Unincorporated community in Ohio, U.S.

Bogart is an unincorporated community in eastern Perkins Township, south of Sandusky, in Erie County, Ohio, United States. It is centered on the intersection of Bogart Road and U.S. Route 250, 1,500 feet south of the State Route 2 interchange with US 250. The center of Bogart is also 1,500 feet west of the boundary between Perkins and Huron townships. Bogart is pronounced locally boh-girt. It is part of the Sandusky Metropolitan Statistical Area.

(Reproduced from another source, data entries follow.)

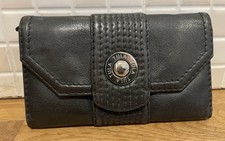 Tula Black Leather Purse Zip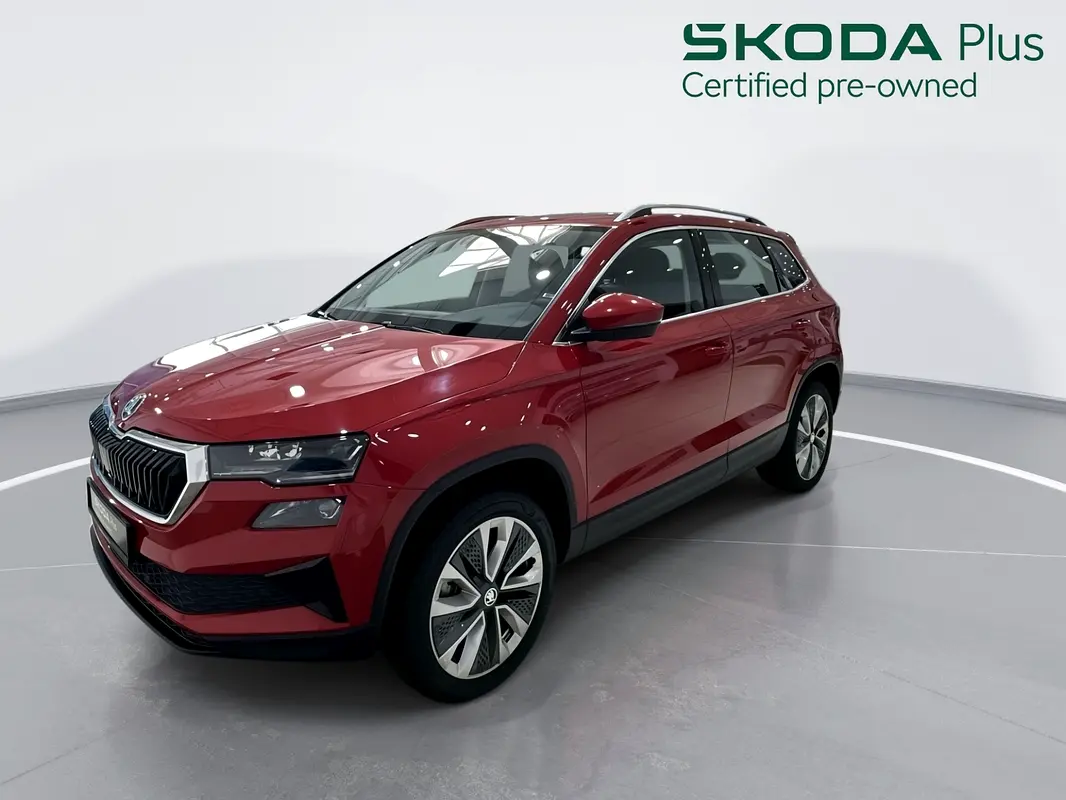 Skoda Karoq 2023 — photo 1 of 10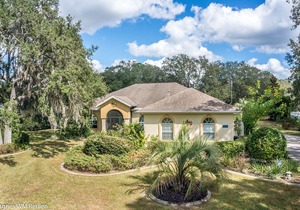 Comfortable Villa with lots of privacy and pool on one acre in Hernando FL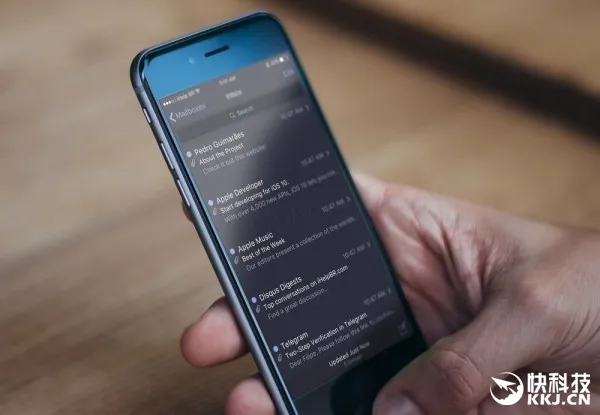 新iPhone爽翻！iOS 10要加暗色主题：看起来好酷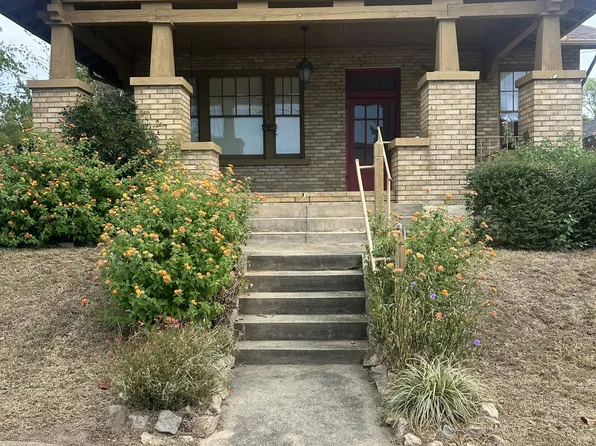 417 N East St, Benton, AR 72015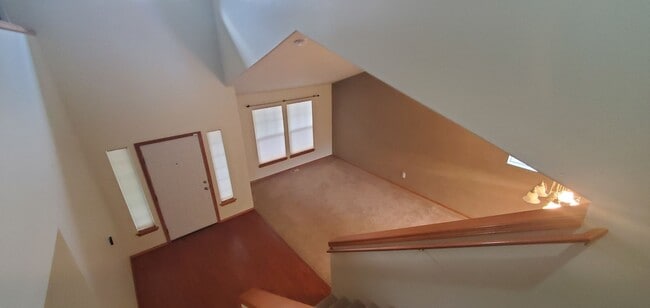 Building Photo - Covington 2 Story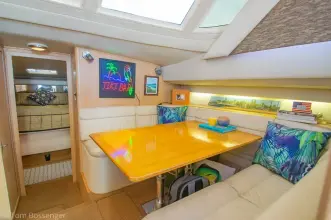 Thumbnail von Tiara Yachts 4300 Convertible  Salsipuedes
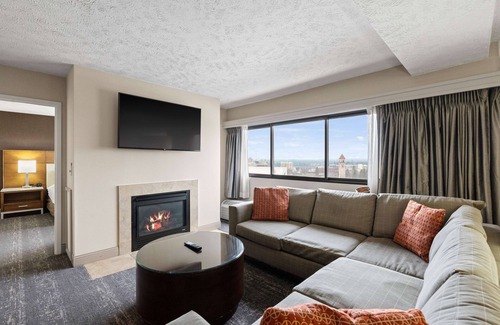 Riverside Hotel | DoubleTree by Hilton Spokane City Center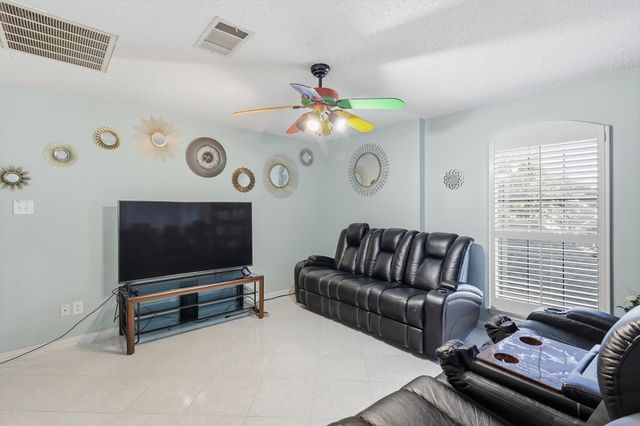 2014 Rumson Drive, Arlington, TX 76006
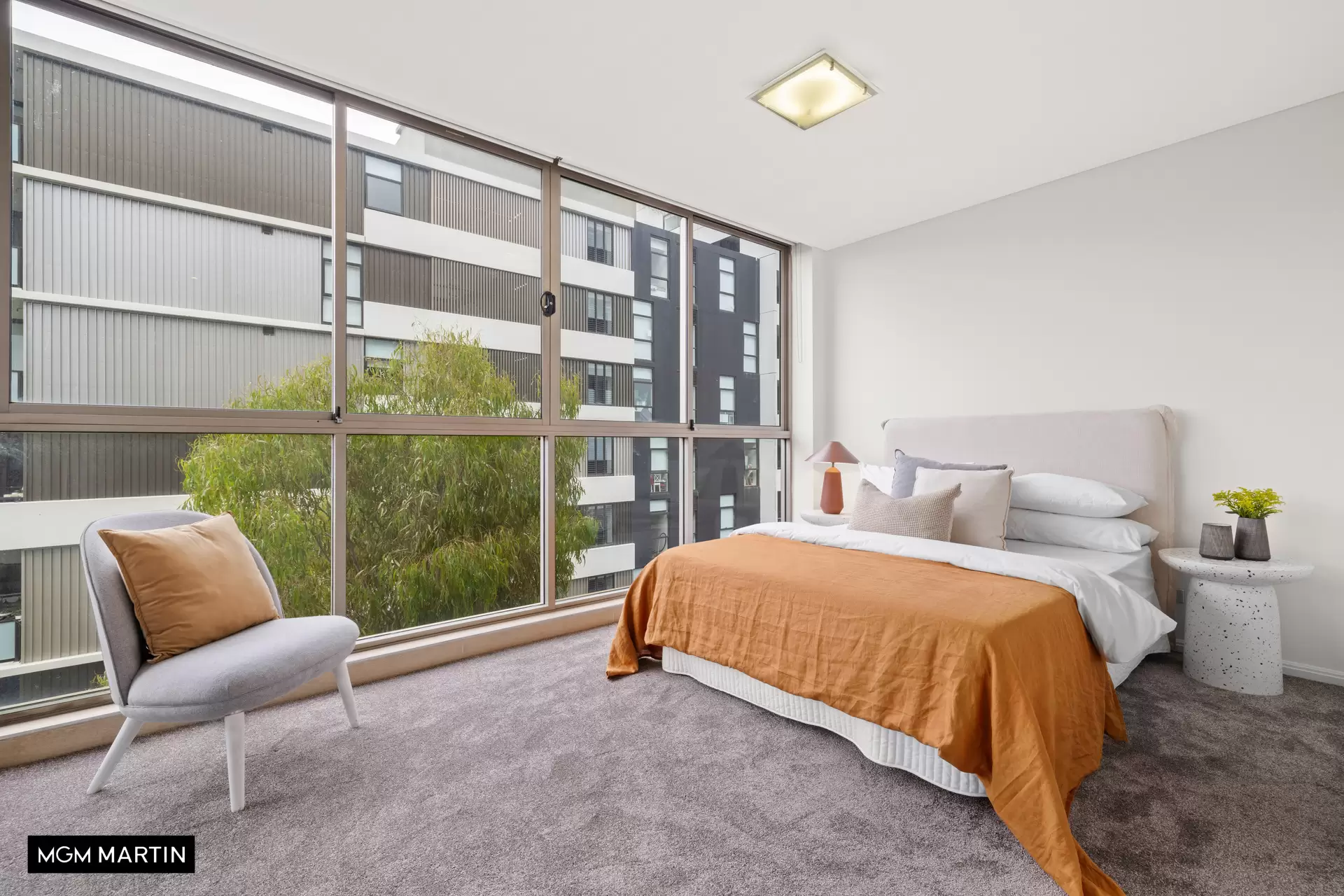 549/10 Victoria Park Parade, Zetland Sold by MGM Martin - image 1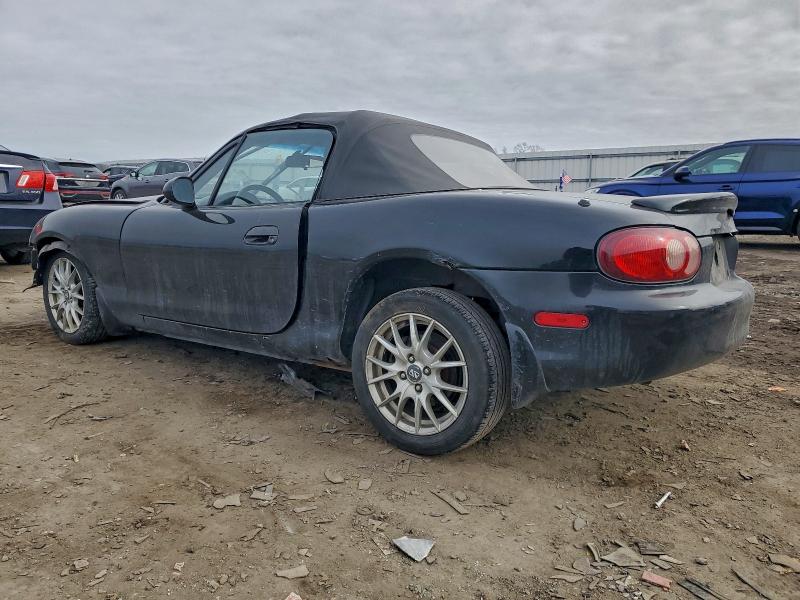 Photo 2 from auction – 2002 MAZDA MX-5 MIATA with VIN JM1NB353120230105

Prior to 1957, Bogart was a fairly quiet rural community. To the southwest, though, lay an unused tract of 9,000 acres (36 km^{2}) that had been the site of a World War II munitions factory. In 1957 NASA acquired part of this tract for its Plum Brook Station and by 1963 had acquired the rest of the tract to build additional facilities there.

Plum Brook Station brought unprecedented growth to Bogart in the form of single-family housing subdivisions, condominium apartments, motels, restaurants and other businesses. Kalahari Resort and Convention Center is located one mile south of Bogart on the east side of US 250. On December 21, 2007, Kalahari Sandusky completed a major expansion of its indoor waterpark and now bills itself "America's Largest Indoor Waterpark.

==Transportation==
US 250 is the main north-south highway through Bogart, while State Route 2 is the major east-west limited-access highway through the area. Bogart Road also runs east-west from Huron on the east to Castalia on the west. Taylor Road used to run southwest to Bloomingville from US 250 just south of Bogart Road, but it is now interrupted by Plum Brook Station.